Introduction

In part I of our Kubernetes multi-cluster management series, we’ve talked about the basics of GitOps and explained why you should really consider GitOps as a central tenet of your Kubernetes management strategy. In part II, we looked at a reference implementation of GitOps using ArgoCD, and how to organize your GitOps repositories for security and release management.

In this final installment of our Kubernetes multi-cluster management series, we’re taking our approach to the next level and look at enterprise scale, operational efficiency, compliance for regulated industries, and so much more. To help alleviate some of the shortcomings of the GitOps-only approach, we’re going to introduce a new tool which integrates really nicely with ArgoCD: RedHat Advanced Cluster Management (ACM) and the upstream community project Open Cluster Management.

I should mention right off-the-bat that ACM is not limited to RedHat Openshift clusters. If your hub cluster is Openshift, then you can use ACM and import your other clusters (AKS, EKS, etc) into it, but you can also use other clusters as hubs with Open Cluster Management.

Motivation

When I first heard about Advanced Cluster Management, I thought, why do I need this? After all, our GitOps approach discussed in Part II works and scales really well, up to thousands of clusters, but realized there are a few shortcomings when you’re deploying in the enterprise:

Visibility: because we use a pull model, where each cluster is independent of the others and manages its own ArgoCD instance, identifying what is actually deployed on a whole fleet of cluster is not straight forward. You can only look at one ArgoCD instance at a time.

Compliance: while it’s a good idea to have standard configuration for all your clusters in your organization, it’s not always possible, in practice, to force every team to be in sync all at the same time. You can certainly configure GitOps to sync manually let individual teams pick and choose what/when they want deployed in their cluster, but how do you keep track of gaps at a global level?

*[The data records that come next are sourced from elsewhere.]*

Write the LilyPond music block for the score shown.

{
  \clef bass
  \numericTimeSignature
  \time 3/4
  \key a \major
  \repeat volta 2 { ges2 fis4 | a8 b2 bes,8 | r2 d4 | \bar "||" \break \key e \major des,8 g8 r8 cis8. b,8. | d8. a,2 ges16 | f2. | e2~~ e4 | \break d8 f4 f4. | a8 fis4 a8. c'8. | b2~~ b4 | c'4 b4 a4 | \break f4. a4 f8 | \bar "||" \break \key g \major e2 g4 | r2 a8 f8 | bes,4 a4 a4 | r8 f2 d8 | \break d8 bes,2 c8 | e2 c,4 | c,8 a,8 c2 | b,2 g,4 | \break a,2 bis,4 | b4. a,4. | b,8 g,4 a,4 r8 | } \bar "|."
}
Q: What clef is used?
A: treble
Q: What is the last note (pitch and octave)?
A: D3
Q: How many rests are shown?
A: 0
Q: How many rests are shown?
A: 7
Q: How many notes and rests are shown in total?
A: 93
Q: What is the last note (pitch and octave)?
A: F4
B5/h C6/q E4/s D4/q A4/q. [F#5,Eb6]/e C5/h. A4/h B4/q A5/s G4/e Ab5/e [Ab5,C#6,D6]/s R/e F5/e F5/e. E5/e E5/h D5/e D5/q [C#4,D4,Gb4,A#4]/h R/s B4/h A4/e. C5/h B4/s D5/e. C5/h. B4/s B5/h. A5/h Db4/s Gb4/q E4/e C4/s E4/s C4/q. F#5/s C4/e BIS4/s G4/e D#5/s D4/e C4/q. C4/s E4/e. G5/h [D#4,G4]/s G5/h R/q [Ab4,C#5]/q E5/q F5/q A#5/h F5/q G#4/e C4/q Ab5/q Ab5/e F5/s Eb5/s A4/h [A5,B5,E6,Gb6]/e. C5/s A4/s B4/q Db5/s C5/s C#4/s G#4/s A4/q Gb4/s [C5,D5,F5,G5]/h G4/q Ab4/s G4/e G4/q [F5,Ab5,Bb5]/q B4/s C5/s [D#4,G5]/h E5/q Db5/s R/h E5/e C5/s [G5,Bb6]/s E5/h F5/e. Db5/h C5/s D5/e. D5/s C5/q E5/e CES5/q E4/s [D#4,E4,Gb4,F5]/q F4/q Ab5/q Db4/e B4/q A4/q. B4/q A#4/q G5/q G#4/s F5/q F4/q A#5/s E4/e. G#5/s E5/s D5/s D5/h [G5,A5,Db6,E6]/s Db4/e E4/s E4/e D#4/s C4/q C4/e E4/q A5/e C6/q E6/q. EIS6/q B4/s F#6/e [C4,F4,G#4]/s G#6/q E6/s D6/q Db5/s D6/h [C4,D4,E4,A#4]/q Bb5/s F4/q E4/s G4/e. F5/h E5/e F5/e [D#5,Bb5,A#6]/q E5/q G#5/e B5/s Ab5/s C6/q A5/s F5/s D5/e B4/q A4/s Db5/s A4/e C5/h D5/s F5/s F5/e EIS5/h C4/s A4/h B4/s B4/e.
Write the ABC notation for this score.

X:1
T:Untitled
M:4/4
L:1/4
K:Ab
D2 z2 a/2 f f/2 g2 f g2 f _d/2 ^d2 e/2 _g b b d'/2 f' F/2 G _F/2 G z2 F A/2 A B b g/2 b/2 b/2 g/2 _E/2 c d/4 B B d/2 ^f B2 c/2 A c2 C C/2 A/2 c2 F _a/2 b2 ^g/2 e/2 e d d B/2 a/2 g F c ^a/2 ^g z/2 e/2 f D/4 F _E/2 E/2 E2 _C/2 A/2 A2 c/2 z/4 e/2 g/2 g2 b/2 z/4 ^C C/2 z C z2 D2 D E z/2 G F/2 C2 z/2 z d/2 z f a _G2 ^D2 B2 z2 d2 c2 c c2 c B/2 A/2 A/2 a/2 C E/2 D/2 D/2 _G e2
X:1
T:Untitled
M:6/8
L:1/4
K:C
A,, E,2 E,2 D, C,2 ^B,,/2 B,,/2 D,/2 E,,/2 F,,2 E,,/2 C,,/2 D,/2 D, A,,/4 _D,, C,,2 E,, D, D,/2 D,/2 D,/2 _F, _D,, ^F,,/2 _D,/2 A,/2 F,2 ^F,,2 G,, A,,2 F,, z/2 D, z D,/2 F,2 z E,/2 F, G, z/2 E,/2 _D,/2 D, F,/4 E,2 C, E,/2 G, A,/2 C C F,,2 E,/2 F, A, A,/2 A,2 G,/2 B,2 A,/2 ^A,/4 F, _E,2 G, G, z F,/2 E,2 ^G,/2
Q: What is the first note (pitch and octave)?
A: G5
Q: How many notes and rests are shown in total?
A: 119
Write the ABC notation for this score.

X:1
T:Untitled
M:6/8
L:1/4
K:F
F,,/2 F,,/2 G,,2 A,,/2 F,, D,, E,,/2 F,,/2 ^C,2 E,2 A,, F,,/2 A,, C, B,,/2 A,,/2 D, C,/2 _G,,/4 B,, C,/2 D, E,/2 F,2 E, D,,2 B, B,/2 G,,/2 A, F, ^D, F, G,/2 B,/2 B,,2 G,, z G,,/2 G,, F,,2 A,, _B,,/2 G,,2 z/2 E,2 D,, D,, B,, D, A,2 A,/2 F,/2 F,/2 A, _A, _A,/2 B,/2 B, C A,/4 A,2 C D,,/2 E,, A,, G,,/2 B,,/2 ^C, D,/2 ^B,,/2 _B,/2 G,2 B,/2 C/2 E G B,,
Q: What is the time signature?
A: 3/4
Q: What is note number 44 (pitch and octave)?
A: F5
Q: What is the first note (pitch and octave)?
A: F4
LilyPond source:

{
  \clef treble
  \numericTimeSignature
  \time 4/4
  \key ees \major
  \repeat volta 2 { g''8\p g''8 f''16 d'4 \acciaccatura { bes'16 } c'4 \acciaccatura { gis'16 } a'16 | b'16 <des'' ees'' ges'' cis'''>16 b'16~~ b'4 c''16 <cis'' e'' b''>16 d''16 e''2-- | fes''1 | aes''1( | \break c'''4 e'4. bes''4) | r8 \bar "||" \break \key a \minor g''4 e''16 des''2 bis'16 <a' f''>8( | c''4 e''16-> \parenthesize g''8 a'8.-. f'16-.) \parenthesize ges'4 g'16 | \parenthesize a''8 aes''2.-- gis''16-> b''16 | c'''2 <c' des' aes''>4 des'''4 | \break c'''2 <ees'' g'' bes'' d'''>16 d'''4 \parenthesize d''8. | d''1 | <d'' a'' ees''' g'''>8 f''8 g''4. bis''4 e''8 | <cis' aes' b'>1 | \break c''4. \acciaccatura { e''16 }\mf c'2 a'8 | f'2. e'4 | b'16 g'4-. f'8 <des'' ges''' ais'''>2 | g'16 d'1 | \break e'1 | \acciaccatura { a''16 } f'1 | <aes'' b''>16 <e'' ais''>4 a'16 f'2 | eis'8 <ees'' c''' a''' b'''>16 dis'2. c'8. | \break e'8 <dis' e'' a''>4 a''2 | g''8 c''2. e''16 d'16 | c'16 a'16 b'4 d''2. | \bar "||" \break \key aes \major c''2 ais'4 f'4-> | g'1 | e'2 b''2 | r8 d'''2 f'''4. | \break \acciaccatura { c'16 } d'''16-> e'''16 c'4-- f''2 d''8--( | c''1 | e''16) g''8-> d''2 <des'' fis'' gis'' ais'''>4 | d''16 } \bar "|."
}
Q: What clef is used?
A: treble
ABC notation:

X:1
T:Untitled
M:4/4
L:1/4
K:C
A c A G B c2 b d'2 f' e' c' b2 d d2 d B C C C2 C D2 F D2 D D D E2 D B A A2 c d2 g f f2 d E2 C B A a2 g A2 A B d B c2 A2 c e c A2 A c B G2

Management: GitOps only deals with configuration, not cluster lifecycle, and by that I mean provisioning, starting, pausing clusters. Depending on the organization, we’ve been relying on the cloud provider console or CLIs, and/or external automation tools like Terraform to do this. But that’s a lot more complicated in hybrid environments.

Use Case

Let’s focus on a specific use case and see how to address the above concerns by introducing advanced cluster management. The organization is a large retailer with thousands of locations all over the US. Each individual store runs an application which collects Bluetooth data and computes the information locally to customize the customer’s experience. The organization also run applications in the cloud like their website, pipelines to aggregate collected store data, etc. all on Kubernetes.

Requirements

All the stores run the same version of the application
Application updates need to happen at scale over-the-air
All the clusters (on location and in the cloud) must adhere to specific standards like PCI
Development teams need to be able to simulate store clusters in the cloud
The infrastructure team needs to quickly provision new clusters
The compliance and security teams regularly produce reports to show auditors

Solution

GitOps-only

1-4 requirements can be mostly addressed with our GitOps-only approach. This is the overall architecture following what we presented in part II

Baseline configuration for all our clusters is in a shared repository managed by the infrastructure team
The baseline contains dependencies and tools like operators, monitoring and logging manifests, etc. And some of the PCI-related configuration.
Various teams can contribute to the baseline repository by submitting pull-requests
Store clusters are connected to a second repository which contains the BT application manifests
Stores clusters can be simulated in the cloud by connecting them to the same repository
Dev teams have dedicated repositories which they can use to deploy applications in the cloud clusters
For simplicity sake, we only have two environments: dev and prod. Each environment is connected to the repository branch of the same name
New releases are deployed in the dev branches, and promoted to production with Git merge

So GitOps-only goes a long way here. From a pure operational perspective, we covered most of the requirements and the devops flow is pretty straight forward:

Dev teams can simulate a store cluster in the cloud
They can deploy and test changes by committing to the dev branches of the repos
When they’re ready to go, changes are merge to prod and automatically deployed to all the edge clusters
All the clusters share the same baseline configuration with the necessary PCI requirements

ACM and OCM overview

Red Hat Advanced Cluster Management and the upstream community project Open Cluster Management is an orchestration platform for Kubernetes clusters. I’m not going to go into too many details in this article. Feel free to check out the documentation on the OCM website for a more complete explanation on architecture and concepts.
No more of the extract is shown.